482A 49th St., Oakland, Calif.
The natural world is alive and well inside Lauren Wolf’s Esqueleto. The 4-year-old store, tucked in an alley in Oakland’s hip Temescal district, sells jewelry, ceramics, and art pieces that incorporate shells, bones, minerals, and other facets of nature’s wonder. Fitting, then, that Wolf named the shop with the Spanish word for skeleton. “So much of what I do is breaking down these natural forms and reinterpreting them into jewelry,” she says. “Esqueleto captures the full-circle idea that this is where my work begins.” —Matt Villano
GETTING STARTED
After graduating from the University of Georgia with a journalism major and anthropology minor, Wolf moved to San Miguel de Allende, Mexico, to study jewelry-making, attending beginner silversmithing classes in a school run by William T. King. When she returned to the United States, she enrolled in the Fashion Institute of Technology’s jewelry program. “I went to Mexico to study the artistry behind jewelry, and studied in New York to understand the technical side,” Wolf says. “I’d like to think my collection always combined those two skills; my work is sophisticated but also raw and interesting.” Later, Wolf opened a studio in Brooklyn where she sold jewelry for seven years.

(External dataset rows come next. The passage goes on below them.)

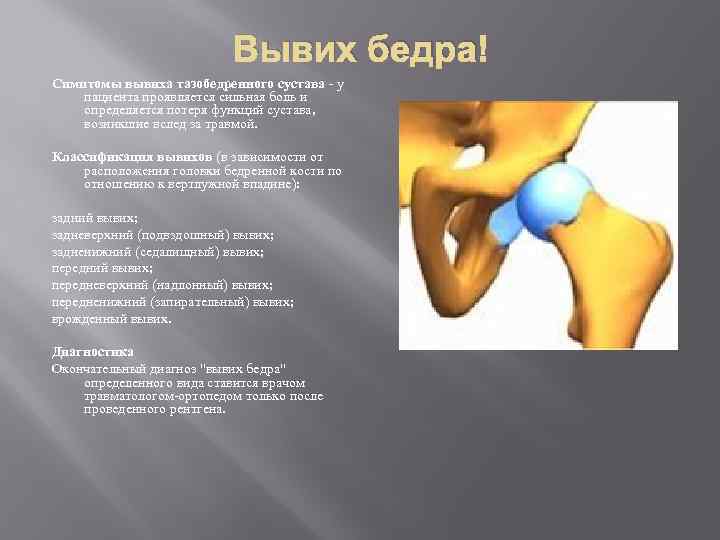 Вывих бедра Симптомы вывиха тазобедренного сустава - у пациента проявляется сильная боль и определяется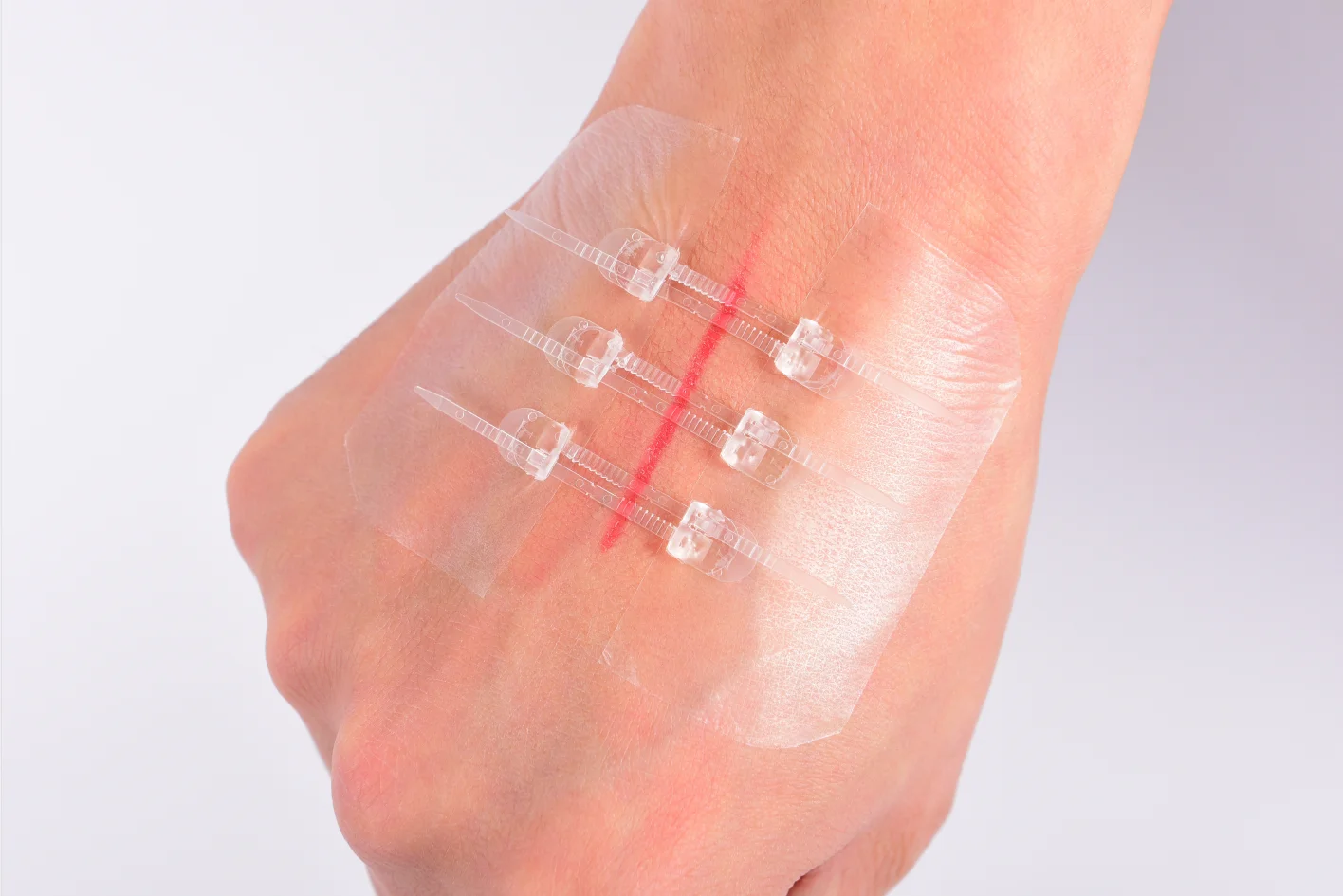 Medical Sterile Skin Closure Device Noninvasive Zip Without Stitches Sterile Strips Without Threads Dressing Wound Closure Strip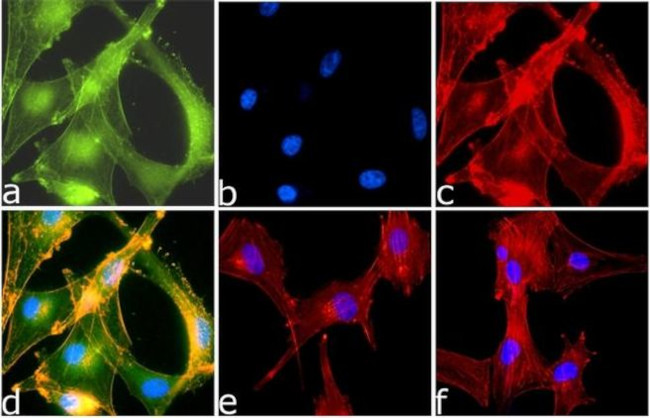 Rabbit IgG (Heavy chain) Secondary Antibody in Immunocytochemistry (ICC/IF)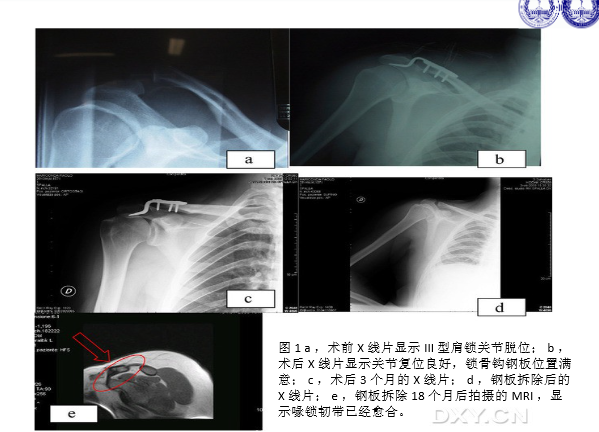 肩锁关节脱位的诊断与治疗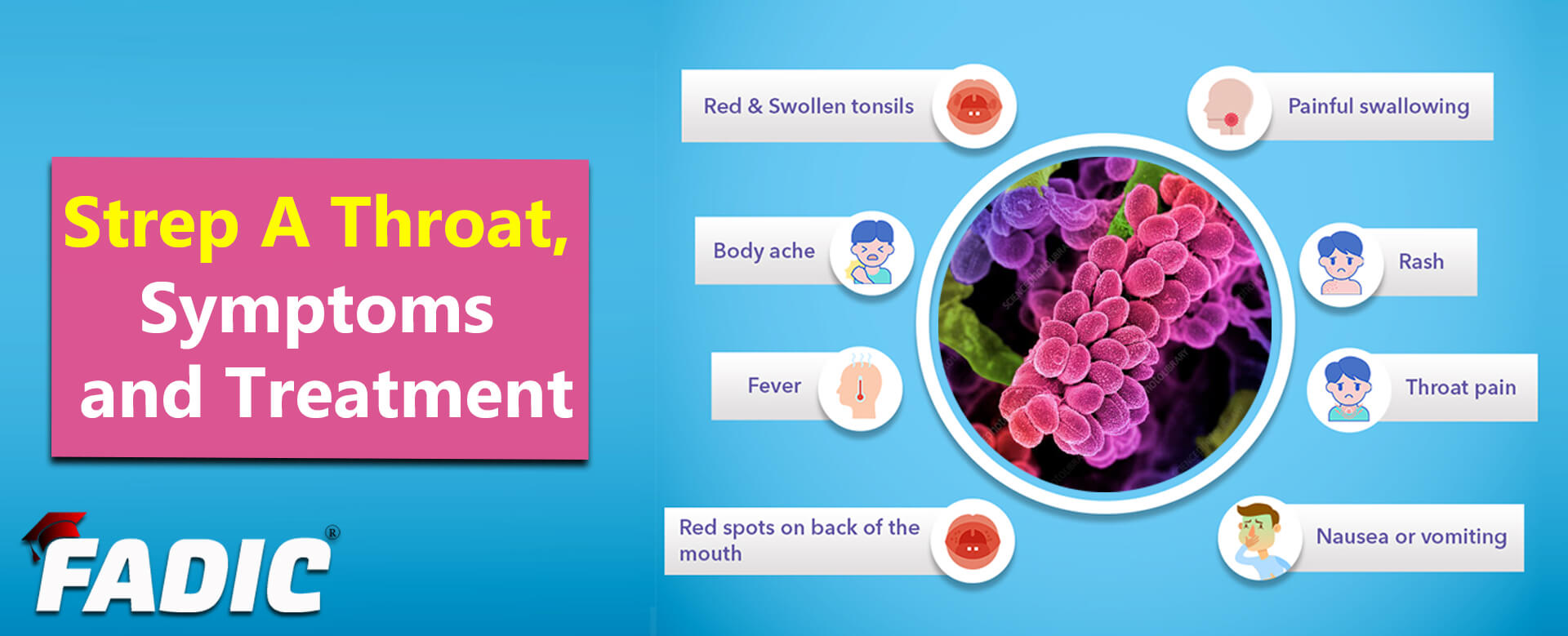 streptococcal-pharyngitis-rash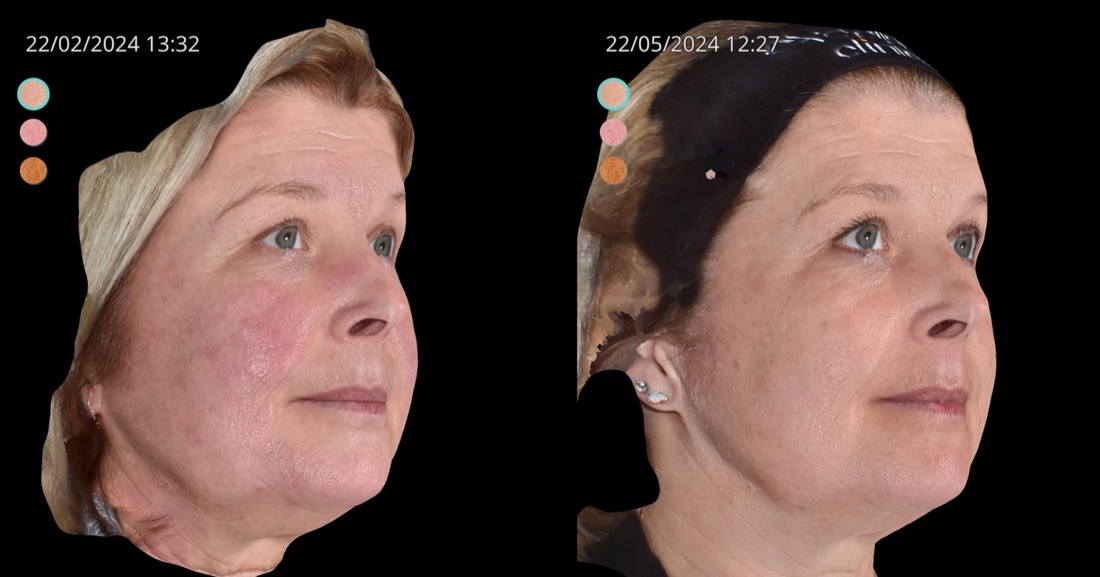 Three-quarter view of a face before and after a course of treatment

In 2010, she and her graphic designer husband moved to Oakland to open the 450-square-foot Esqueleto in an old (and renovated) horse stable off Telegraph Avenue.
TRADEMARK TECHNIQUE
A big, 100-year-old glass case near the front door features Wolf’s jewelry—original silver pieces that incorporate natural elements with casts of seahorse skeletons, shells, and other forms of marine life. (She learned this technique at FIT.) Her signature form, a cast of stingray skin that creates the impression of randomly sized polka dots, can be found on just about every piece—in clasps, in edgework, and in details. “You look at the pattern and think, This is so unique,” she says. “I love that it occurs naturally in nature.”
ECLECTIC SELECTION
One might describe the rest of the collection at Esqueleto as being full of exotic curios. Yes, there’s other jewelry—necklaces, bracelets, and rings from 16 fellow designers such as Polly Wales, Melissa Joy Manning, Satomi Kawakita, and Lou Zeldis. In addition, on any given day, customers might fi nd handmade ceramics, textiles, animal skulls, glass terrariums, or fossilized mastodon teeth. “We try to sell work from artists who have their own point of view,” Wolf says. Many smaller jewelry pieces sell for less than $50, while the larger home furnishings can go for $1,000 and more. According to Wolf, some of her recent top sellers have been giant slices of petrified wood—Frisbee-sized slabs that customers use as centerpieces.
A NATURAL FIT
With two walls of big windows, Esqueleto attracts passersby who are exploring the Temescal Alley complex, a series of old horse barns that have been converted into galleries, studios, and small eateries. Many customers are particularly intrigued by the shop’s logo: a skull with Mexican folk art flourishes that evokes the annual Day of the Dead celebration. “When you’re working with forms and objects from the natural world,” Wolf says, “simple is best.”